There are 13 candidates in the race, including Islamists, liberals and former regime figures. No one is expected to win more than 50 percent of the vote in the first round Wednesday and Thursday, setting the stage for a run-off June 16-17 between the top two finishers. A winner will be announced June 21.
The generals who took control after Mubarak was ousted have promised to hand over power by July 1, repeatedly assuring critics that they have no wish to remain in charge. There are fears, however, that they could retain significant powers on matters of national security and key foreign policies.
The landmark election, considered the freest and fairest in Egypt’s history, is wide open. The reliability of polls is uncertain, and of the 13 candidates have bounced around the top spots, although none of them has emerged as a clear front-runner.
The two leading secular contenders are both veterans of Mubarak’s regime – former prime minister Ahmed Shafiq and former foreign minister Amr Moussa. The main Islamist candidates are Mohammed Morsi of the powerful and well-organized Muslim Brotherhood, and Abdel-Moneim Abolfotoh, a moderate Islamist whose inclusive platform has won him the support of some liberals, leftists and minority Christians.

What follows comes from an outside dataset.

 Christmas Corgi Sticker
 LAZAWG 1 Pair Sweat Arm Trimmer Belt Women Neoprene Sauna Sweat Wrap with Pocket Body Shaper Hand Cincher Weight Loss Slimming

Some voters are backing the Mubarak-era veterans, believing they can bring stability after months of rising crime, a crumbling economy and deadly street clashes under military rule. Others were horrified by the thought, believing the “feloul” – or “remnants” of the regime – will keep Egypt locked in dictatorship and thwart democracy.
Islamists have jumped into the political fray, seizing the chance to lead a country where they were repressed for decades. Led by the Muslim Brotherhood, Islamists dominated parliamentary elections, winning nearly three-quarters of the seats. But the Islamists’ popularity has since waned as many Egyptians fear they seek to monopolize power and impose a theocracy.
An alternative to both the Islamists and the Mubarak-era candidates in the figure of leftist candidate Hamdeen Sabahi, who has claimed the mantle of Egypt’s late president, the populist Gamal Abdel-Nasser.
An Islamist victory, particularly by Morsi, will likely mean a greater emphasis on religion in government. Morsi’s Muslim Brotherhood, which already dominates parliament, says it won’t mimic Saudi Arabia and force women to wear veils or implement harsh punishments like amputations. But it says it does want to implement a more moderate version of Islamic law, which liberals fear will mean limitations on many rights.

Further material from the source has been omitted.